Gulf oil spill: Lessons learned and ignored
Big Oil claims safety has improved since the blast on BP’s Deepwater Horizon last year, but experts doubt it.
The main question a year after one of the world’s worst oil spills is “could it happen again?” said Harry Weber in the Associated Press. The answer is “absolutely.” Big Oil claims safety has improved since the blast on BP’s Deepwater Horizon rig killed 11 workers and spewed 207 million gallons of crude into the sea, but experts doubt it. While the industry has spent $1 billion on “a high-tech” containment system that can cap a blown-out well and pump 60,000 barrels of oil a day to surface vessels, that technology “hasn’t been tested on the seafloor.” And a known design flaw still hasn’t been fixed in the blowout preventer that should have cut off the Deepwater leak—yet the device is still widely used. Congress is at fault, too, said Frances Beinecke in HuffingtonPost​.com. It has failed to pass a single law to ensure that drilling is “safer than it was a year ago.” In fact, House Republicans are pushing a trio of new bills to allow deepwater drilling in pristine areas of the Pacific, Atlantic, and Arctic oceans, which will only make our “coastal communities more vulnerable to disastrous oil spills.” It’s “as if we learned nothing.”
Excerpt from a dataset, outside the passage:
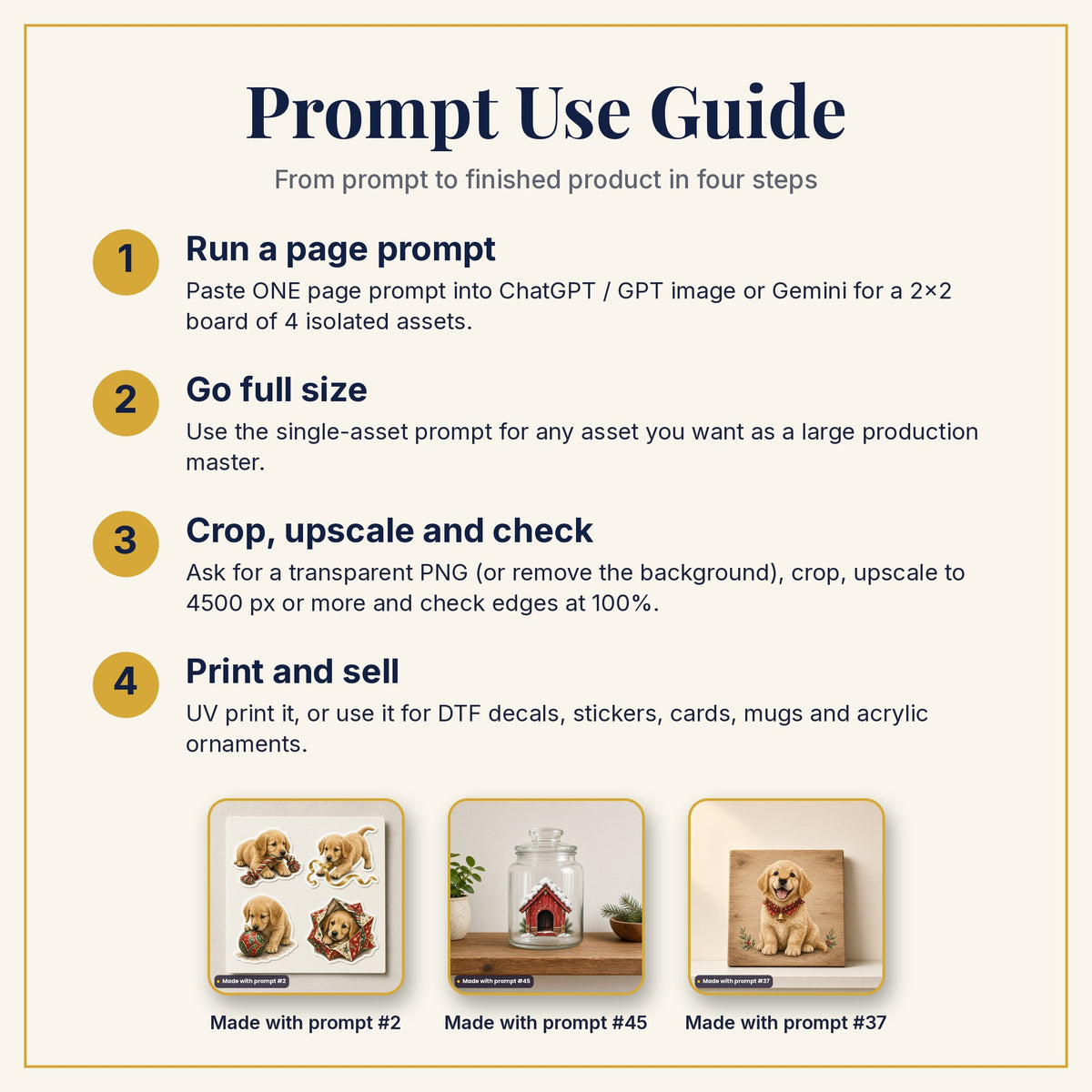 Prompt Use Guide: run a page prompt, go full size, crop and upscale, then print and sell, with products made with prompts #2, #45 and #37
Like it or not, expanding deepwater drilling is “a matter of necessity,” said Steven Mufson in The Washington Post. The world currently burns through 88.5 billion barrels of oil a day. That means “producers need to discover and develop a field the size of Macondo”—the reserve the Deepwater Horizon was tapping—every 13.5 hours. And “most of the best prospects are offshore and often in deep waters.” The Gulf spill has changed the safety equation, said Sylvia Pfeifer in the Financial Times. Major oil companies can’t afford the bad press and financial damage still being suffered by BP, so they now “test vital equipment on rigs” more often. Those multinationals also face pressure from junior financial partners—who don’t want to end up contributing to multibillion-dollar clean-ups—to adopt the latest safety technologies.
Don’t be fooled, said Steve LeVine in Foreign Policy. Because oil companies are profit-making machines, they’ll never spend enough developing truly secure widgets as long as the cost of failure remains so low. So instead of punishing shoddy safety practices with affordable fines, we should be banning “bad actors” like BP from the industry and throwing their executives in jail. Ultimately, the only way to “truly prevent” another Deepwater Horizon may be to make such cases “company-ending” events.